Wednesday, July 4, 915am, Glassalen
The slides of the presentation are available now
Abstract
Automotive systems are increasingly complex and critical. Their development account for a considerable share of the budget, both in terms of cost and time. The development process is
complex, involving multiple development teams in varying disciplines, roles, departments,
companies and locations, each using their own tools and notations.
One contribution to meeting these challenges is to use a common ontology that integrates
information according to recognized patterns, an Architecture Description Language. The purpose of
EAST-ADL is to capture engineering information related to automotive electrical/electronic (E/E)

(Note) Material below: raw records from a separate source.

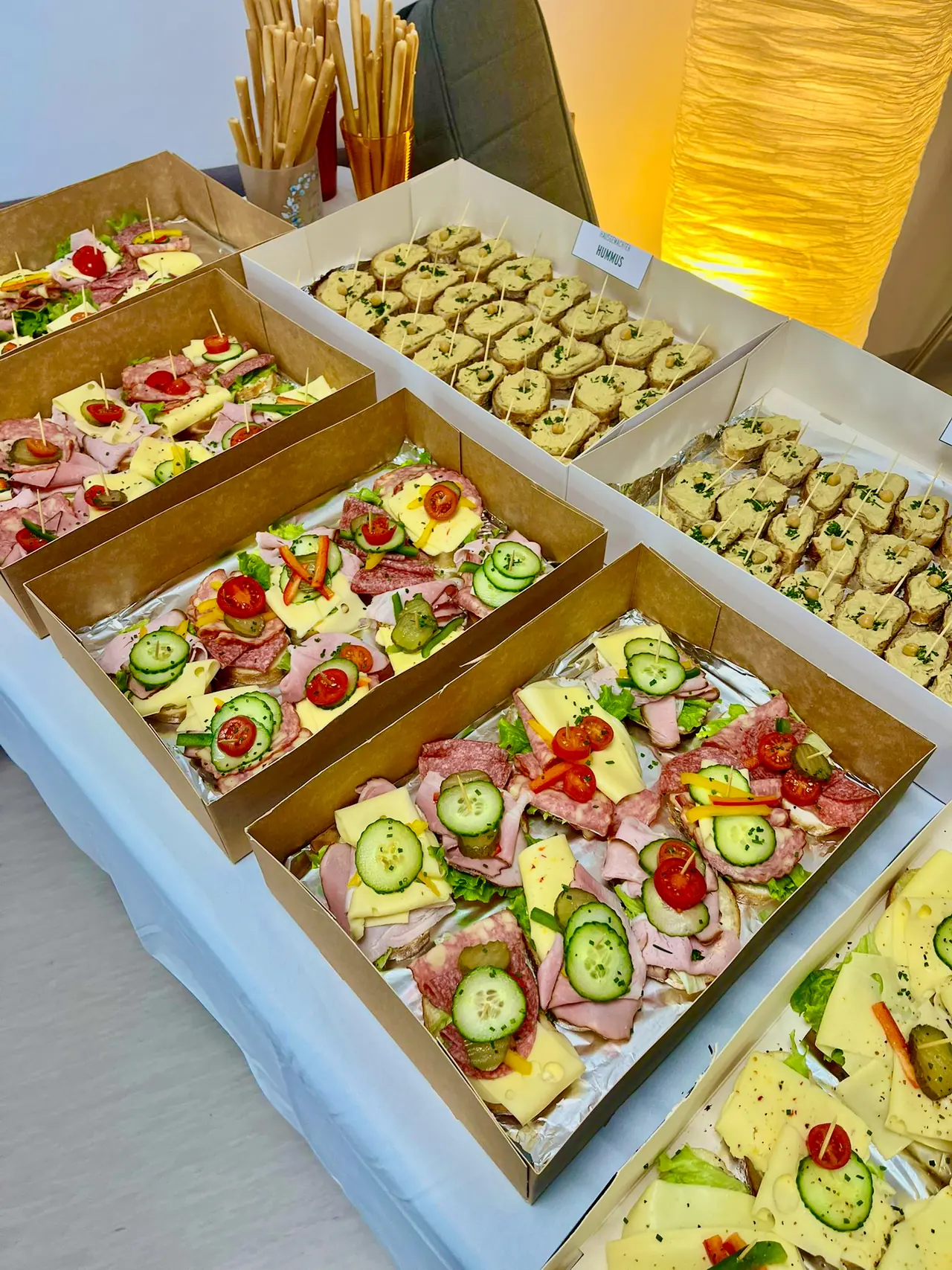 Mehrere Platten mit belegten Brötchen auf einem Buffettisch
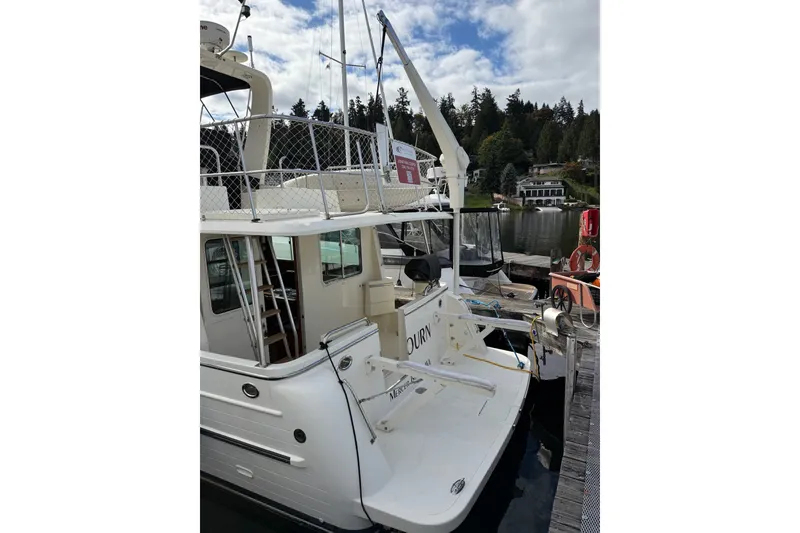 Slide: The Image of 2010 North Pacific 39 Pilothouse yacht docked at marina with scenic background. - 48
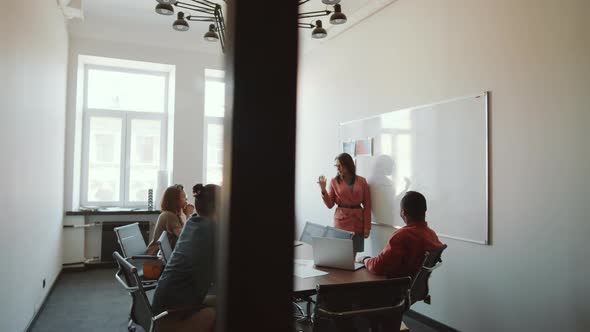 Businesswoman Giving Presentation to Colleagues in Meeting Room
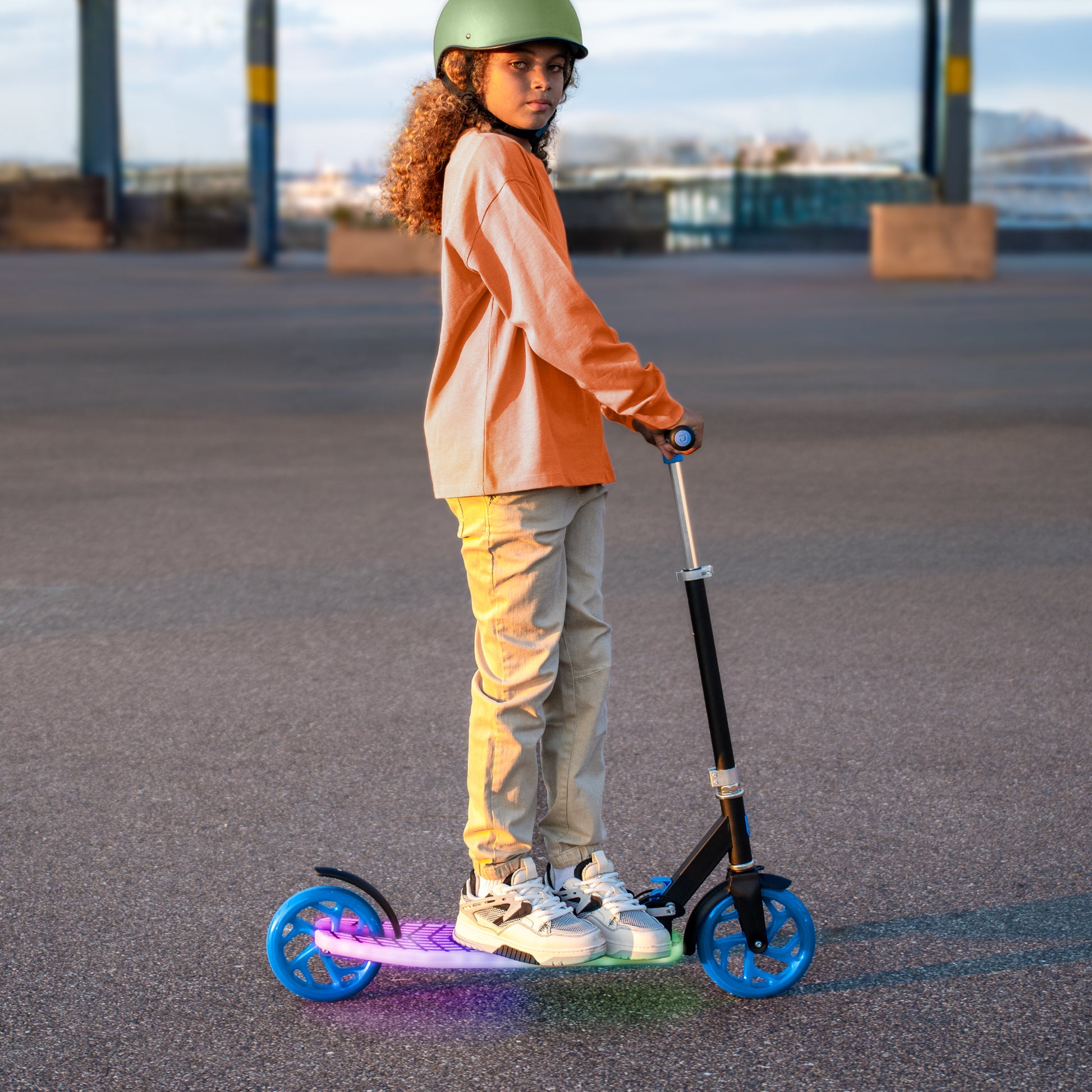 kid standing on J-Ray kick scooter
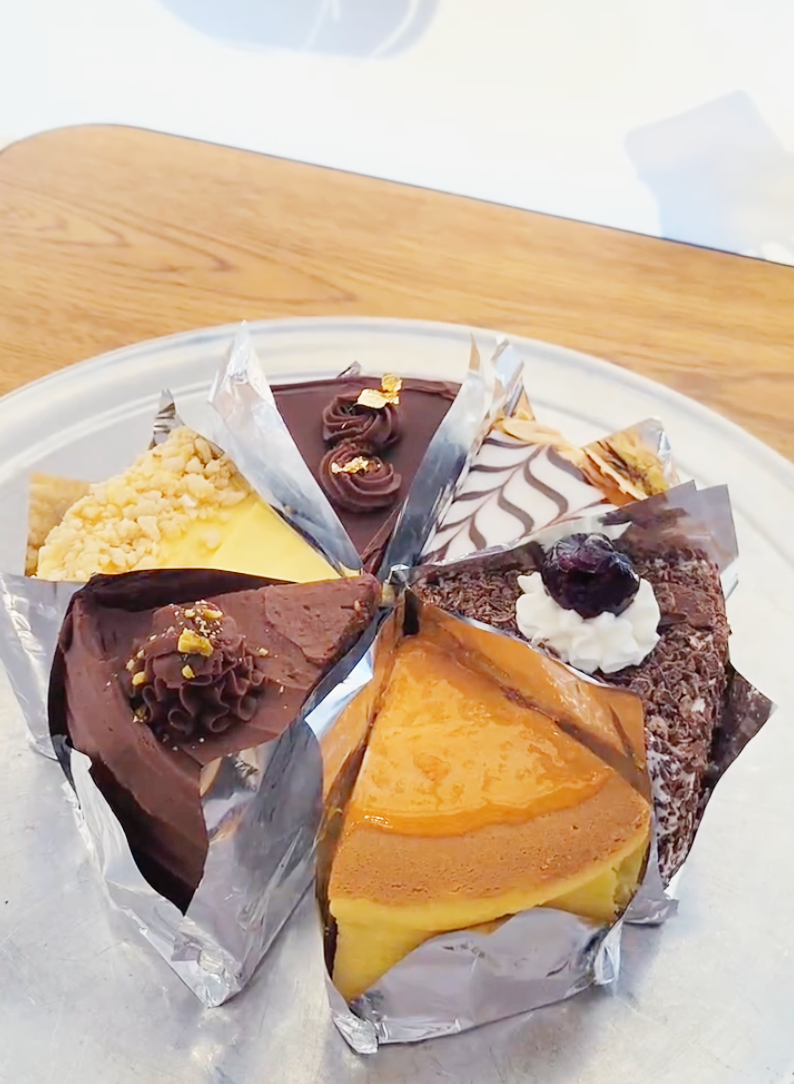 Assortment of cake slices on a silver platter, each wrapped in foil. Flavors vary, with chocolate and fruit.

system development, from early phase to final implementation. The system implementation is
represented using AUTOSAR, i.e. EAST-ADL is complementary to AUTOSAR, adding information
beyond the software architecture to serve engineering work already in early phases.
The EAST-ADL model has a core part representing the E/E system, which interfaces to an
Environment model for near and far environment. Extensions for cross-cutting concerns or evolving
modelling concepts annotate the core elements with these additional aspects. One of the Extensions
concerns dependability and captures information related to safety. Another extension captures
system timing using events, event chains and timing constraints.
The EAST-ADL system model is organized in 4 abstraction levels from the Vehicle Level’s
abstract and solution-independent feature models over the Analysis Level’s hardware independent
functional models and the Design Level’s hardware-allocated functional architecture to the
Implementation Level AUTOSAR software and hardware architecture.
Based on an agreed modelling approach such as AUTOSAR and EAST-ADL, research and development
on modelling technology, tools and methodology for automotive EE system development can
continue more efficiently. Such results will allow the multitude of company specific approaches to be
leveraged and gradually replaced by off-the shelf solutions.
About the speaker
Henrik Lönn has a PhD in Computer Engineering from Chalmers University of Technology,
Sweden, with a research focus on communication issues in safety-critical real-time systems.
Currently at Volvo Technology AB, he has worked with prototypes, architecture modelling and
communication aspects on vehicle electronic systems. He is also participating in national
and international research collaborations on embedded systems development. Previous project
involvement includes X-by-Wire, FIT and EAST-EEA, ATESST and TIMMO. He is currently
coordinating the MAENAD project.
Thursday, July 5, 915am, Glassalen
Abstract
Modeling problem domains independently of technology domains is the basis for software that is adaptable to both changing business requirements and advancing technical platforms. Moreover, implementation-independent executable models allow problem-domain validation to be built right into agile conversations with customers. These validated models can then be compiled to a target implementation platform of choice.
But, unlike traditional programming, executable modeling abstracts behavior from the problem domain, rather than abstracting from hardware computational paradigms. In particular, executable models naturally embrace concurrency, because problem domain behavior is concurrent. And, as we move into an era of multiple cores, dealing with concurrency is rapidly moving from a peripheral to a central issue in mainstream programming.
Our programming languages today, on the other hand, are too platform specific, still based too much on, and abstracting too little from, traditional sequential, von Neumann hardware architectures. What we need is a way to model problem domains that can then be compiled to the highly concurrent multi-core platforms around the corner as easily as the traditional platforms of yesterday. This is exactly what executable modeling offers.
Work over the last few years has now provided new standards for precise execution semantics for a subset of UML and an associated action language. Taking advantage of these new standards, executable UML holds out the promise of addressing some fundamental issues for the next generation of programming - from multi-domain to multi-core.
About the speaker
Ed Seidewitz is Vice President, Model Driven Architecture Services with Model Driven Solutions (MDS). In this position he leads all customer focused professional services business efforts, applying best-practice modeling, architecture and development methods. Prior to that, he held a number of positions leading both professional services and product development and delivery efforts. He has 25 years of professional experience with systems modeling, architecture and development, spanning diverse domains including aerospace, finance, acquisition and health care. In 2009, his 2003 paper "What Models Mean" was named an IEEE Software magazine 25th Anniversary Top Pick.
Ed Seidewitz has also been active with the Object Management Group (OMG) for over 10 years, including involvement in every UML 2 Revision Task Force, as well as the Service Oriented Architecture Modeling Language (SoaML) and System Engineering Modeling Language (SysML) specifications. He was primary author of the recent Foundational Subset for Executable UML Models (fUML) and Action Language for Foundational UML (Alf) specifications. He is currently chair of the fUML 1.1 Revision Task Force and the Alf 1.0 Finalization Task Force, a leader of the Model Interchange Working Group and a member of the UML 2.5 Specification Simplification and UML Profile for the National Information Exchange Model submission teams.